● Exercise
What you need to produce from the material below is an exact transcription of the lines from the one with "These are all" through the one with "Entering 10,000 times", both included, and no other line.

● Records provided
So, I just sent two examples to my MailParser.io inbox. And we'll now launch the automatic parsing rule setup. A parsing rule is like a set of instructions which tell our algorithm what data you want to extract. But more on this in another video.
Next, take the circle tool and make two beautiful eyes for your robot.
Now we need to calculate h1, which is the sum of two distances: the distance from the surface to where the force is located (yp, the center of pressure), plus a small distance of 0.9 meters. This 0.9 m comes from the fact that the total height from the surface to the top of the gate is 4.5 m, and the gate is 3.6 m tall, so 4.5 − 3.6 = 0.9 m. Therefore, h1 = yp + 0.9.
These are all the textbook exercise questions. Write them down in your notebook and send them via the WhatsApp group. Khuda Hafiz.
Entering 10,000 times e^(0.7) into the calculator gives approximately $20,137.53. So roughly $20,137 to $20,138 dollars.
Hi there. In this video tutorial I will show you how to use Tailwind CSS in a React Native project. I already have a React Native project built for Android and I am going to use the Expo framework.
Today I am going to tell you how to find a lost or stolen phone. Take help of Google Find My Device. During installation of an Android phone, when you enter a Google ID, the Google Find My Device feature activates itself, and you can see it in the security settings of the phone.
==
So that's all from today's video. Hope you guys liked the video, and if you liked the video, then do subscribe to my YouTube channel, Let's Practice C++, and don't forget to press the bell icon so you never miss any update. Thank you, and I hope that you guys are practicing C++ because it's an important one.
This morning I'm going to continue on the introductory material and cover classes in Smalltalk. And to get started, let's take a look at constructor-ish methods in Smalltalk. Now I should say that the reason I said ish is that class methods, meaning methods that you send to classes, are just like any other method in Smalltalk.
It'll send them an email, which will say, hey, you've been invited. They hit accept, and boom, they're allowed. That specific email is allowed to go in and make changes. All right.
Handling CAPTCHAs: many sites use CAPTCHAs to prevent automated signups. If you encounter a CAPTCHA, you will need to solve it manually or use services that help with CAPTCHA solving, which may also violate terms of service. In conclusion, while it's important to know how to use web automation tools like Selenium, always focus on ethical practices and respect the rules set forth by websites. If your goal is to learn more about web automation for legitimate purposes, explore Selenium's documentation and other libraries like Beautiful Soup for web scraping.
...
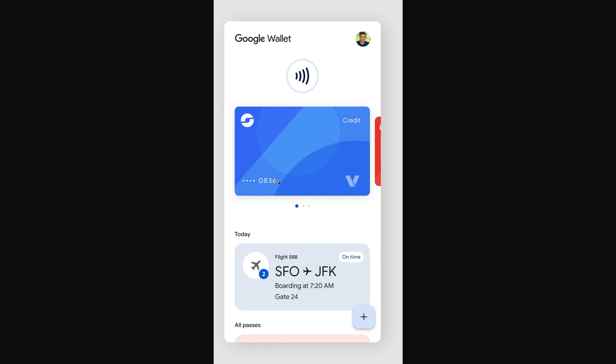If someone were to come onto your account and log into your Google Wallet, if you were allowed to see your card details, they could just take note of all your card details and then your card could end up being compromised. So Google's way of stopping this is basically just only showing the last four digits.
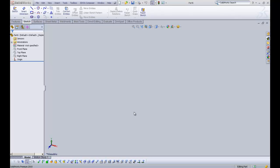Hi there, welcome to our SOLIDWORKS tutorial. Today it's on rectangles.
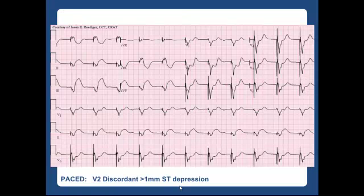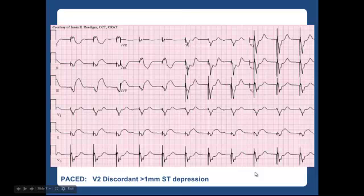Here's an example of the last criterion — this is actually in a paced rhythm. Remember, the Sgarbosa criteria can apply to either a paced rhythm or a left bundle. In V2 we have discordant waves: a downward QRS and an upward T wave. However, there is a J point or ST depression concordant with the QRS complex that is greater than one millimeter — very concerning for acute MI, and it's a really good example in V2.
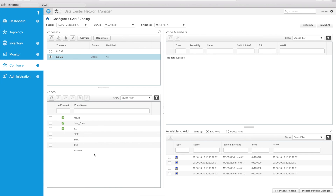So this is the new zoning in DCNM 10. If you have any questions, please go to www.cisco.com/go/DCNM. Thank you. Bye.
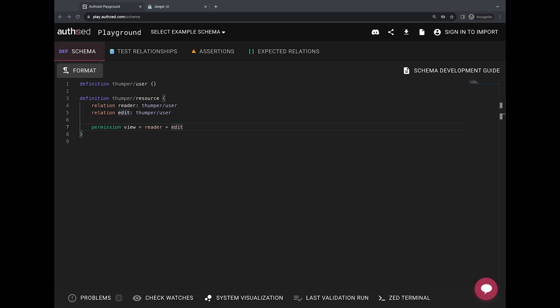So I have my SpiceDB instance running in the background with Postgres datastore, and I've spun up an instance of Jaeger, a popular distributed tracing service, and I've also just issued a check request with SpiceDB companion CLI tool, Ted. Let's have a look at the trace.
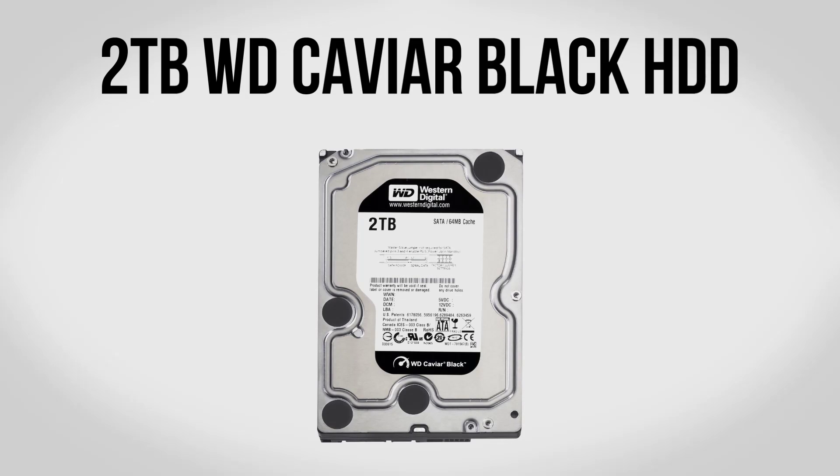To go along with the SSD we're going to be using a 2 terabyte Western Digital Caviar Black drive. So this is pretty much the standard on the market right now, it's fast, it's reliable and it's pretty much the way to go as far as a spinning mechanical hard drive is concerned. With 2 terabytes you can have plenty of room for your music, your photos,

● Exercise result
These are all the textbook exercise questions. Write them down in your notebook and send them via the WhatsApp group. Khuda Hafiz.
Entering 10,000 times e^(0.7) into the calculator gives approximately $20,137.53. So roughly $20,137 to $20,138 dollars.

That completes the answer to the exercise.